Assigned task — The answer is to be an exact copy of the lines below running from the line with "4PCS pull-back cars" down to the line with "Lavabo GoodHome Beni 44 cm suspendido", both ends included, and nothing more.

Extracted entries —
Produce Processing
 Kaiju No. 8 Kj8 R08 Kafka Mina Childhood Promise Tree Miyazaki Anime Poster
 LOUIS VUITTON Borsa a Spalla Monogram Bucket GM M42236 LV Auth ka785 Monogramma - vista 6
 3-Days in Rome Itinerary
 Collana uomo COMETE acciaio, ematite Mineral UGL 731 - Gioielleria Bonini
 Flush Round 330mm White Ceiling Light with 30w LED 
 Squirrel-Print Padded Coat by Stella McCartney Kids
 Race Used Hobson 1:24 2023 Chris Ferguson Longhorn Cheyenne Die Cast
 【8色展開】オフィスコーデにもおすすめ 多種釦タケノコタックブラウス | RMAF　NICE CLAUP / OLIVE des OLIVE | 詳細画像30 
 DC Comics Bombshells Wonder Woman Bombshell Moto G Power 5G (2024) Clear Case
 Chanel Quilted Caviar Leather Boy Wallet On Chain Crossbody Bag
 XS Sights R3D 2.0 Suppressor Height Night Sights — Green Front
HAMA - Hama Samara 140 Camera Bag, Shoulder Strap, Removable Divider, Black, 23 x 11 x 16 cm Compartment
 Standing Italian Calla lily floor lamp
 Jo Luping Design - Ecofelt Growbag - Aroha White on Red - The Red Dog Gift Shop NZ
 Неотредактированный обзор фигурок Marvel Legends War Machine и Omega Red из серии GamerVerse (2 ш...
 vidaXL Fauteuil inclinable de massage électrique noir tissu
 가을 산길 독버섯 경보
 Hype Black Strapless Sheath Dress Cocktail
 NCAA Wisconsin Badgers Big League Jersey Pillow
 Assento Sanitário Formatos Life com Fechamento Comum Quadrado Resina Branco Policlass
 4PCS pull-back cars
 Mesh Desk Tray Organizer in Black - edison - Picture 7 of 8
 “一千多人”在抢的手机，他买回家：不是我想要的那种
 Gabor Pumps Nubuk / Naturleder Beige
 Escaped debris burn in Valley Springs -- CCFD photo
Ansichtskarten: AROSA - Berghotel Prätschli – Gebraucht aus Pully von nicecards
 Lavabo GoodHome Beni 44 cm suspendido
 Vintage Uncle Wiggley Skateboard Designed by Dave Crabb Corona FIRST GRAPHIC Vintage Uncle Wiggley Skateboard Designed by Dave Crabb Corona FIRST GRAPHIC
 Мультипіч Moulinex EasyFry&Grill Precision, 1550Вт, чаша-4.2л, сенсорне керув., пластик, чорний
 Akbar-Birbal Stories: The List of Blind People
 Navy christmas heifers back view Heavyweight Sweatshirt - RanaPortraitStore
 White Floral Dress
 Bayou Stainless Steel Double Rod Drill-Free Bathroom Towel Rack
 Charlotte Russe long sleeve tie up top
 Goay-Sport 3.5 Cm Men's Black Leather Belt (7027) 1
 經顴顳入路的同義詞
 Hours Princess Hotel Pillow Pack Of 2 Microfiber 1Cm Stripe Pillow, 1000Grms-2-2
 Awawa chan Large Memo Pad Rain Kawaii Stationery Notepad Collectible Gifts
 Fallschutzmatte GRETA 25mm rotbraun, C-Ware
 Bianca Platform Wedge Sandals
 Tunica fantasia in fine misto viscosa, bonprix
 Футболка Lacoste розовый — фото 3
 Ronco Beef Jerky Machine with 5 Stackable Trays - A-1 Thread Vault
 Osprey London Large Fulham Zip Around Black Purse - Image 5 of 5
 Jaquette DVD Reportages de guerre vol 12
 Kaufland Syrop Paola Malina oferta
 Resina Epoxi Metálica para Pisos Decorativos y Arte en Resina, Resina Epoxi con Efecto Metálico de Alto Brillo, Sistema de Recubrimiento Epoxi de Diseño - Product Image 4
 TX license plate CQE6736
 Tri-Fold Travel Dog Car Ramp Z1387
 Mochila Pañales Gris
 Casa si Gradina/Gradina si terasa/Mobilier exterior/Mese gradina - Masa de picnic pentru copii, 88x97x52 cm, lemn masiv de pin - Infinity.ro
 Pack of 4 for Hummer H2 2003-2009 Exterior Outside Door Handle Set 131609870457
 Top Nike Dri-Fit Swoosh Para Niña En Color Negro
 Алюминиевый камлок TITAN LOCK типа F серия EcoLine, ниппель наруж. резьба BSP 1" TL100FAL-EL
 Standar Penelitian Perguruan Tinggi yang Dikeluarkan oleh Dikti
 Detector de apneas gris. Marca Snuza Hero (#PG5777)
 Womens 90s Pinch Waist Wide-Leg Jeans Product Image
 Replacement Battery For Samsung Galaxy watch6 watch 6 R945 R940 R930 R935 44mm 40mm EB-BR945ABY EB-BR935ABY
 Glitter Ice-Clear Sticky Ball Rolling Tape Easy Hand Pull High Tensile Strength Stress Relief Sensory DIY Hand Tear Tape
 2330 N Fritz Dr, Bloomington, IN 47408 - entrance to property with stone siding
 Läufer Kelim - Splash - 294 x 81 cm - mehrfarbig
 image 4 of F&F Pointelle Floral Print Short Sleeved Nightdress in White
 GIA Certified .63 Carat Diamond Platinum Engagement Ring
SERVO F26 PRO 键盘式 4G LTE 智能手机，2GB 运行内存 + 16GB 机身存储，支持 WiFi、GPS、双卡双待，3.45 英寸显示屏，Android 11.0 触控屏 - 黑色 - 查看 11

Problem solution —
 4PCS pull-back cars
 Mesh Desk Tray Organizer in Black - edison - Picture 7 of 8
 “一千多人”在抢的手机，他买回家：不是我想要的那种
 Gabor Pumps Nubuk / Naturleder Beige
 Escaped debris burn in Valley Springs -- CCFD photo
Ansichtskarten: AROSA - Berghotel Prätschli – Gebraucht aus Pully von nicecards
 Lavabo GoodHome Beni 44 cm suspendido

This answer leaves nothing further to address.